Getting Started with AWS Data Pipeline - AWS Data Pipeline

Getting Started with AWS Data Pipeline

AWS Data Pipeline helps you sequence, schedule, run, and manage recurring data processing workloads reliably and cost-effectively. This service makes it easy for you to design extract-transform-load (ETL) activities using structured and unstructured data, both on-premises and in the cloud, based on your business logic.

To use AWS Data Pipeline, you create a pipeline definition that specifies the business logic for your data processing. A typical pipeline definition consists of activities that define the work to perform, and data nodes that define the location and type of input and output data.

In this tutorial, you run a shell command script that counts the number of GET requests in Apache web server logs. This pipeline runs every 15 minutes for an hour, and writes output to Amazon S3 on each iteration.

Prerequisites

Before you begin, complete the tasks in Setting up for AWS Data Pipeline.

Pipeline Objects

The pipeline uses the following objects:

ShellCommandActivity

Reads the input log file and counts the number of errors.

S3DataNode (input)

The S3 bucket that contains the input log file.

S3DataNode (output)

The S3 bucket for the output.

Ec2Resource

The compute resource that AWS Data Pipeline uses to perform the activity.

Note that if you have a large amount of log file data, you can configure your pipeline to use an EMR cluster to process the files instead of an EC2 instance.

Schedule

Defines that the activity is performed every 15 minutes for an hour.

Create the Pipeline

The quickest way to get started with AWS Data Pipeline is to use a pipeline definition called a template.

To create the pipeline
  1. Open the AWS Data Pipeline console at https://console.aws.amazon.com/datapipeline/.

  2. From the navigation bar, select a region. You can select any region that's available to you, regardless of your location. Many AWS resources are specific to a region, but AWS Data Pipeline enables you to use resources that are in a different region than the pipeline.

  3. The first screen that you see depends on whether you've created a pipeline in the current region.

    1. If you haven't created a pipeline in this region, the console displays an introductory screen. Choose Get started now.

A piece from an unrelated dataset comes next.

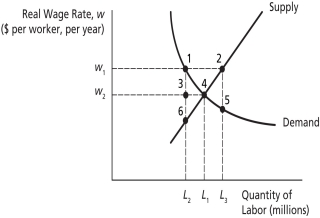 <strong>Labor Market On the graph above, the wage level at point ________ might represent an efficiency wage.</strong> A) 2 B) 4 C) 6 D) 5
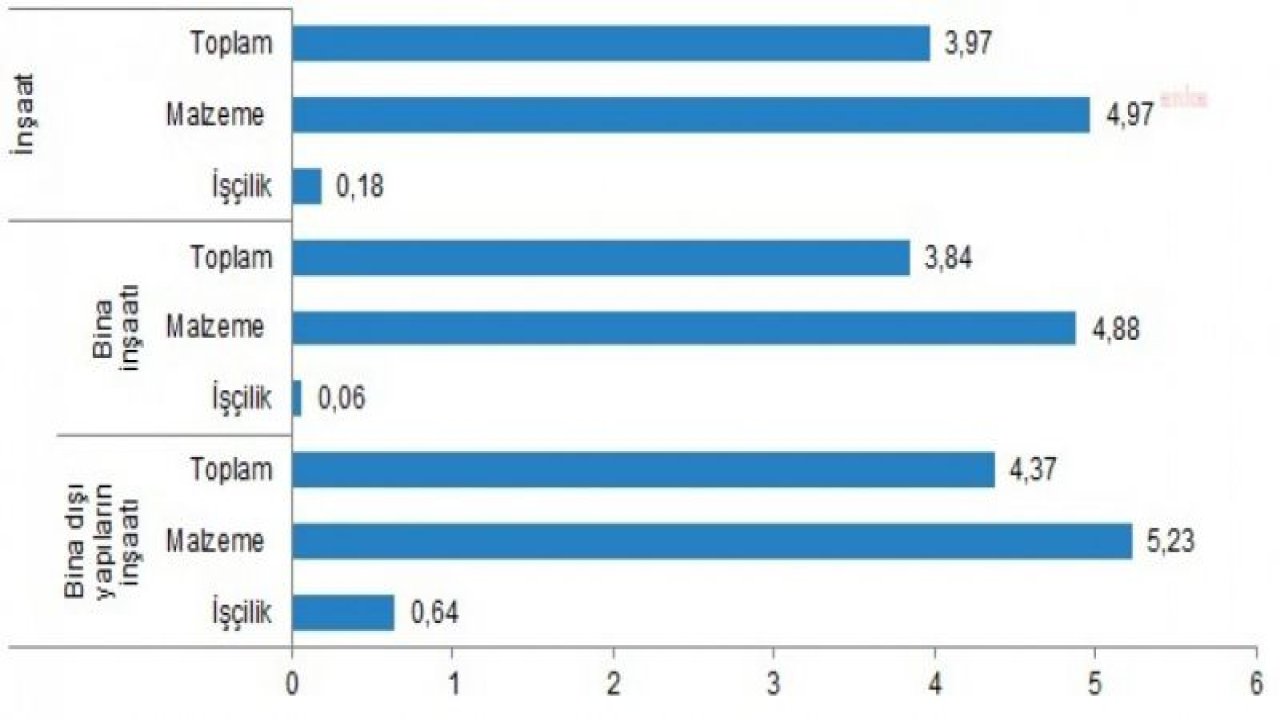 TÜİK: İNŞAAT MALİYET ENDEKSİ GEÇEN YILA GÖRE YÜZDE 105,73 ARTTI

    2. If you've already created a pipeline in this region, the console displays a page that lists your pipelines for the region. Choose Create new pipeline.

  4. In Name, enter a name for your pipeline.

  5. (Optional) In Description, enter a description for your pipeline.

  6. For Source, select Build using a template, and then select the following template: Getting Started using ShellCommandActivity.

  7. Under the Parameters section, which opened when you selected the template, leave S3 input folder and Shell command to run with their default values. Click the folder icon next to S3 output folder, select one of your buckets or folders, and then click Select.

  8. Under Schedule, leave the default values. When you activate the pipeline the pipeline runs start, and then continue every 15 minutes for an hour.

    If you prefer, you can select Run once on pipeline activation instead.

  9. Under Pipeline Configuration, leave logging enabled. Choose the folder icon under S3 location for logs, select one of your buckets or folders, and then choose Select.

    If you prefer, you can disable logging instead.

  10. Under Security/Access, leave IAM roles set to Default.

  11. Click Activate.

    If you prefer, you can choose Edit in Architect to modify this pipeline. For example, you can add preconditions.

Monitor the Running Pipeline

After you activate your pipeline, you are taken to the Execution details page where you can monitor the progress of your pipeline.

To monitor the progress of your pipeline
  1. Click Update or press F5 to update the status displayed.

    Tip

    If there are no runs listed, ensure that Start (in UTC) and End (in UTC) cover the scheduled start and end of your pipeline, and then click Update.

  2. When the status of every object in your pipeline is FINISHED, your pipeline has successfully completed the scheduled tasks.

  3. If your pipeline doesn't complete successfully, check your pipeline settings for issues. For more information about troubleshooting failed or incomplete instance runs of your pipeline, see Resolving Common Problems.

View the Output

Open the Amazon S3 console and navigate to your bucket. If you ran your pipeline every 15 minutes for an hour, you'll see four time-stamped subfolders. Each subfolder contains output in a file named output.txt. Because we ran the script on the same input file each time, the output files are identical.

Delete the Pipeline

To stop incurring charges, delete your pipeline. Deleting your pipeline deletes the pipeline definition and all associated objects.

To delete your pipeline
  1. On the List Pipelines page, select your pipeline.

  2. Click Actions, and then choose Delete.

  3. When prompted for confirmation, choose Delete.

If you are finished with the output from this tutorial, delete the output folders from your Amazon S3 bucket.